La insolente respuesta de
la autoridad a cargo ante este hecho fue decir que él solo “cumplía órdenes”.
Cabe destacar, por cierto,
que no existe ninguna prohibición expresa acerca del estacionamiento de
vehículos dentro del Parque Lineal. No se conoce tampoco de ninguna ordenanza
que establezca una prohibición a este respecto ni de alguna otra que prescriba
siquiera una sanción análoga a la “ponchada” de una llanta.

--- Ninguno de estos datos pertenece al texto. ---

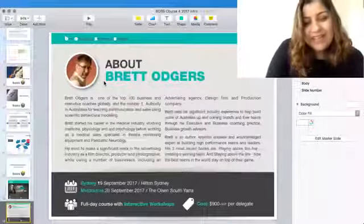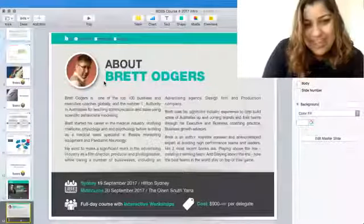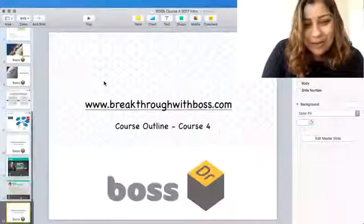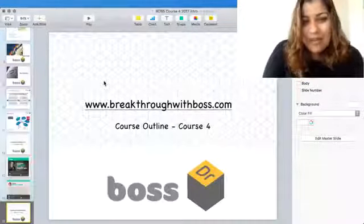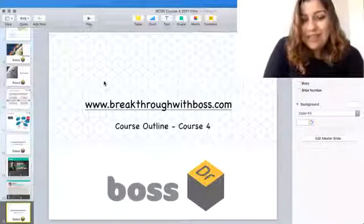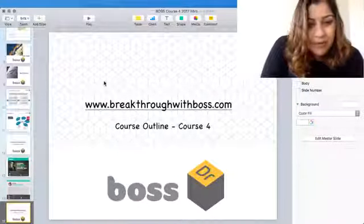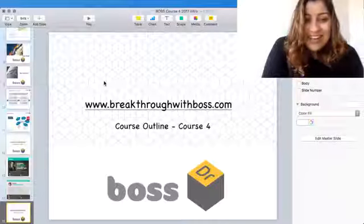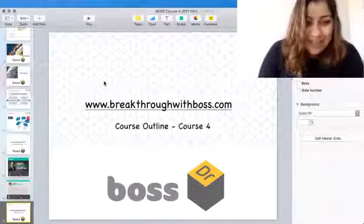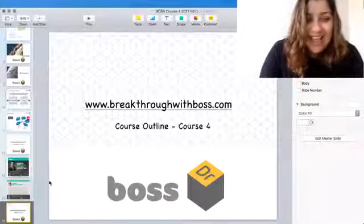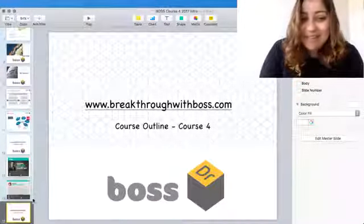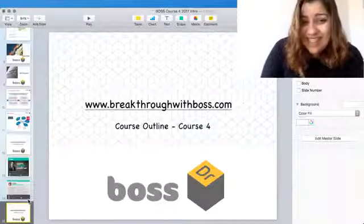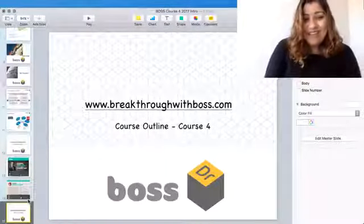It's a one day teaser and next year we have bigger plans for Brett, so stay tuned. If you are interested in BOSS Course 4, go to that website, register. It's simple, the registration form's right there. I hope to see you all soon. Thank you so much for listening to me. BOSS is going to be bigger and exciting. See you, bye!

La orden que se cumplió
en este caso fue meramente verbal, esto es, pura y simplemente arbitraria.
Este hecho que describo no
constituye, sin embargo, un suceso aislado, Su puesta en práctica forma parte
de la continua imposición de una disciplina sobre los usos públicos que se
aplica en Guayaquil bajo el amparo del llamado proceso de “Regeneración Urbana”
que se manifiesta en una serie de prohibiciones (entre varias otras, de ingreso
a áreas públicas –el lugar X “se reserva el derecho de admisión”-, de besarse,
sentarse, circular o comportarse de una manera distinta a la ordenada, de
vestimenta para el caso de los taxistas –fallida esta última-, de acceso a los
desposeídos –vagos y mendigos- y de los vendedores informales a las áreas
regeneradas que se traduce en una “limpieza sociológica” del sector y en abusos
varios de las autoridades que en general se impone, la eliminación de las
bancas en la zona regenerad, la implantación de disfuncionales áreas verdes,
etc.) que conducen, en esencia, a una arquitectura urbana que propicia la
conversión del ciudadano en turista de su propia ciudad y a un uso del espacio
público sujeto a un vigilancia extrema que favorece la comisión de violaciones
a las libertades civiles de las personas en nombre de una idea sesgada (o como
en ejemplo que abre esta columna, arbitraria) del orden y la seguridad. (Una
aproximación muy lúcida a este fenómeno puede encontrarse en los artículos del
antropólogo Xavier Andrade en la sección Tubo de ensayos de la ciberpágina “Experimentos
Culturales”*.
La instauración de esta
política pública de continuas prohibiciones y de apropiación privada de los
espacios públicos no es materia de discusión en una ciudad en la que el
discurso de las autoridades se acepta casi sin crítica alguna por parte de sus
habitantes. Ese aparente consenso, lejos de proveer de una legitimación para
estas acciones, sirve para probarnos la autosatisfacción o apatía de las élites
y la clase media (beneficiarias directas de las mismas) y el silenciamiento de
los excluidos del proceso de “Regeneración Urbana” que, a despecho de aquello
que lógicamente implica su lema Más Ciudad, tiene como triste consecuencia la
generación de una mínima ciudadanía. Dos preguntas que bien merecen una discusión
surgen, precisamente, a partir de este lema: Más Ciudad, sí, pero, ¿para
quiénes?, y sobre todo, ciudadanos, ¿a qué precio?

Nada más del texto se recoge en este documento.